The task: The result should hold only the lines from the one with "10. fotografia fotogalérie" through the final line of the data below, transcribed exactly, pictures left out.

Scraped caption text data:
*****
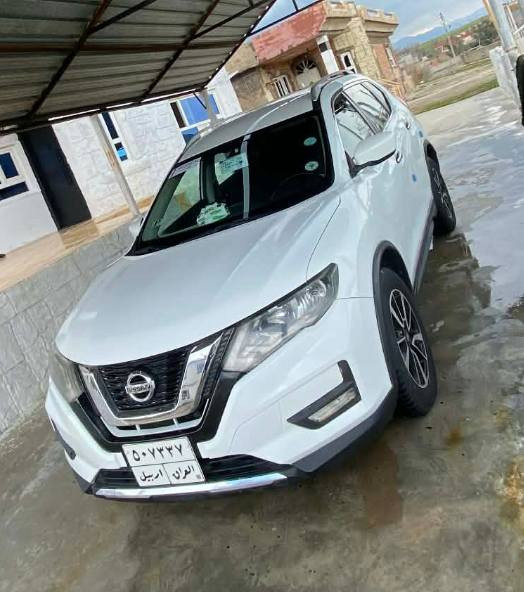 سلام عليكم  اخوان نيسان روج موديل 2017  Sتبل اكسل بوند جملخ صبغ شويه بيه داخل بدون تعديل بارد  مكان سيارة عقره تلفون *********** سعر 144
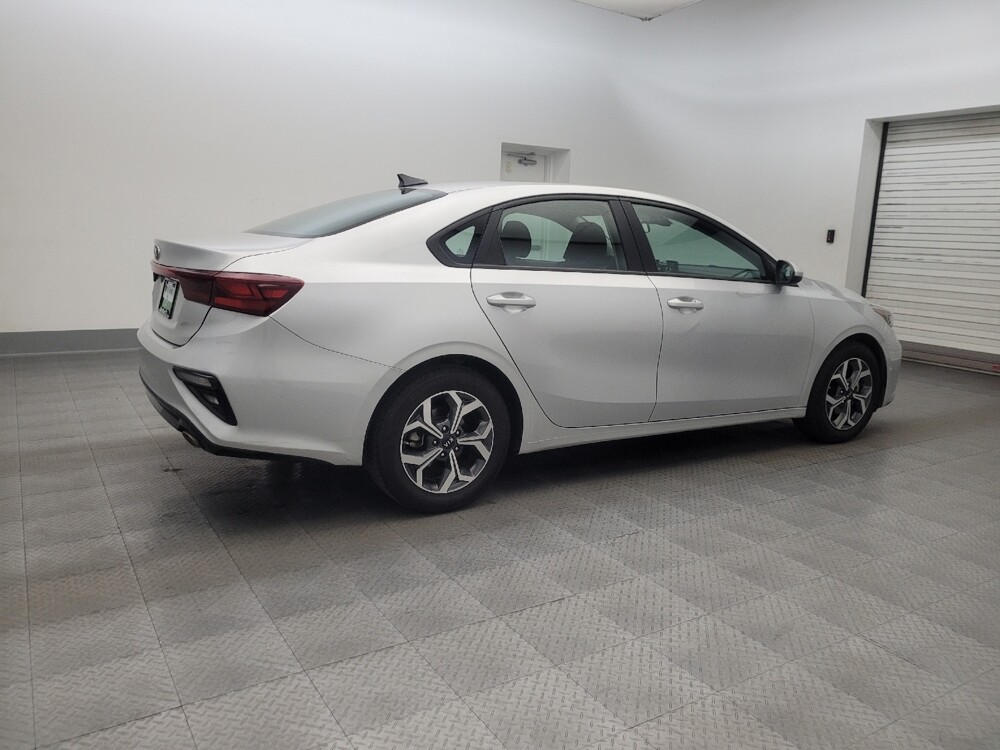 2021 Kia Forte in Glendale, AZ 85301 - 18121821 10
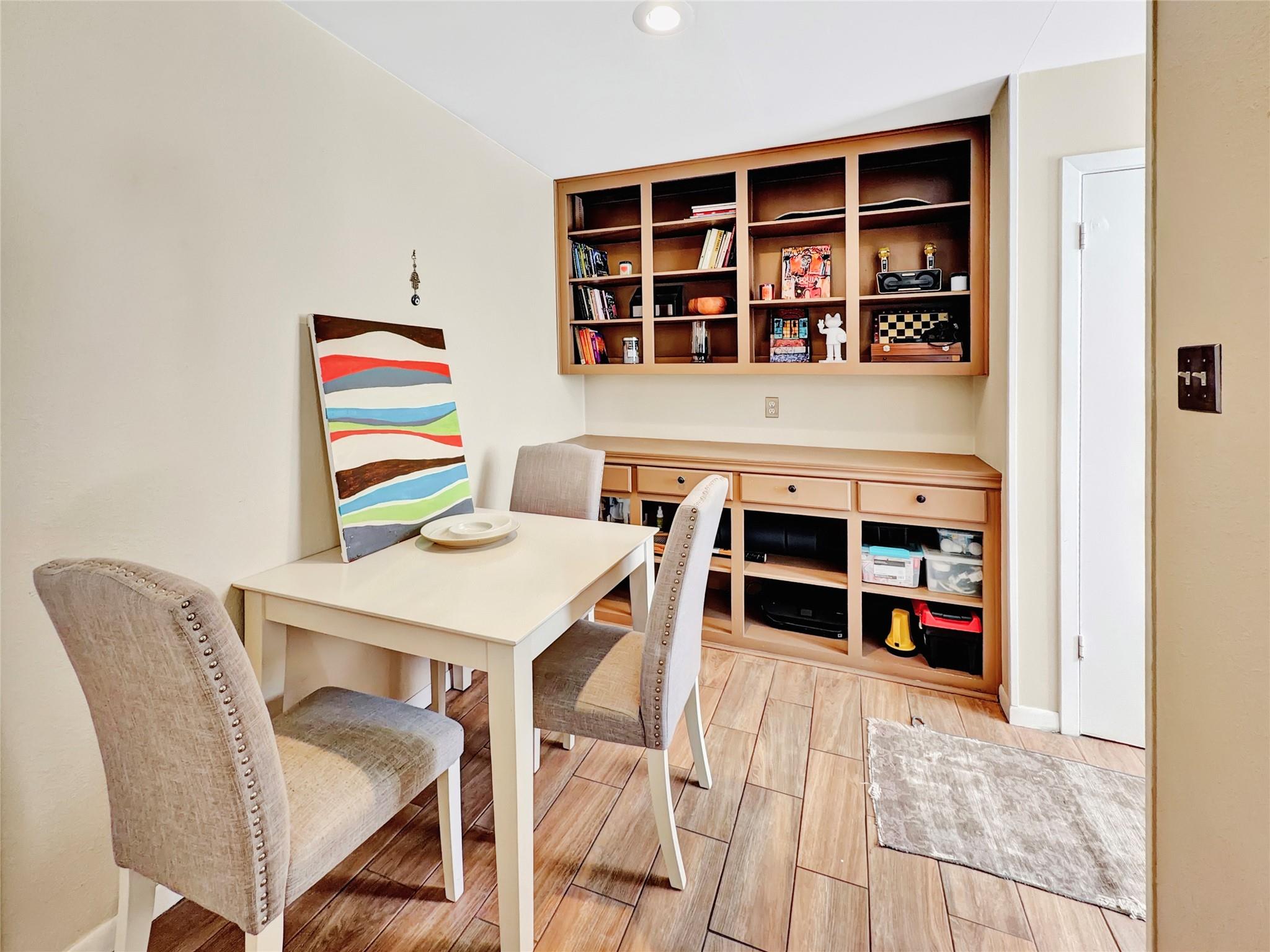 6903 Deatonhill Dr # 22, Austin, TX 78745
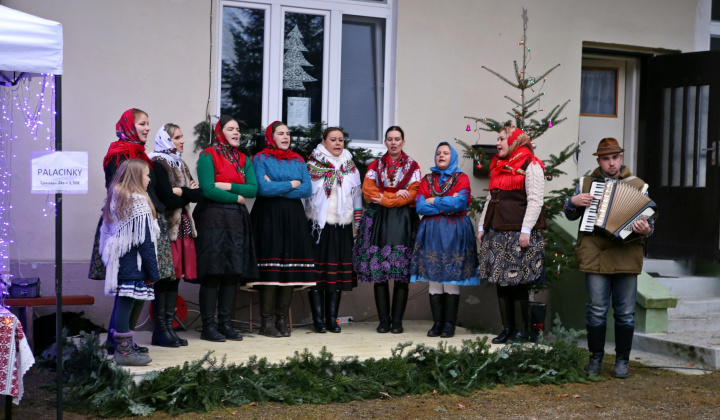 10. fotografia fotogalérie Vianočné trhy 2019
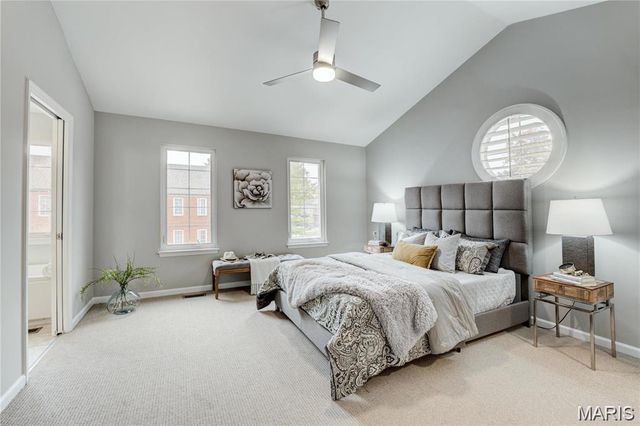 2113 Dogtown Walk, St Louis, MO 63139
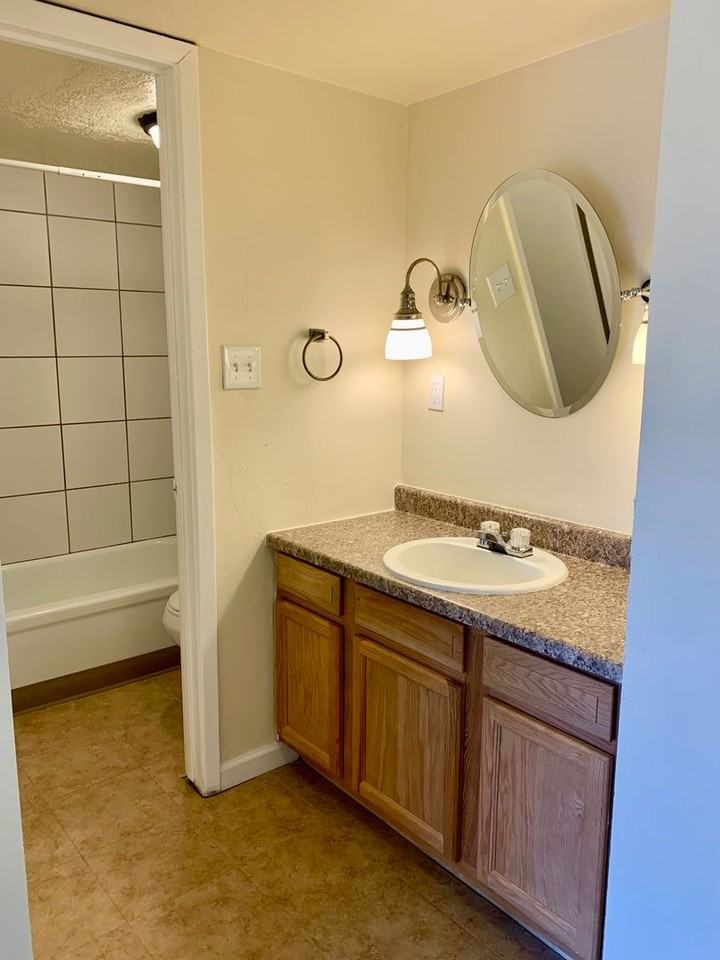 Borderman's Reef Apartments - Photo 7 of 15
*****
Exercise response:
 10. fotografia fotogalérie Vianočné trhy 2019
 2113 Dogtown Walk, St Louis, MO 63139
 Borderman's Reef Apartments - Photo 7 of 15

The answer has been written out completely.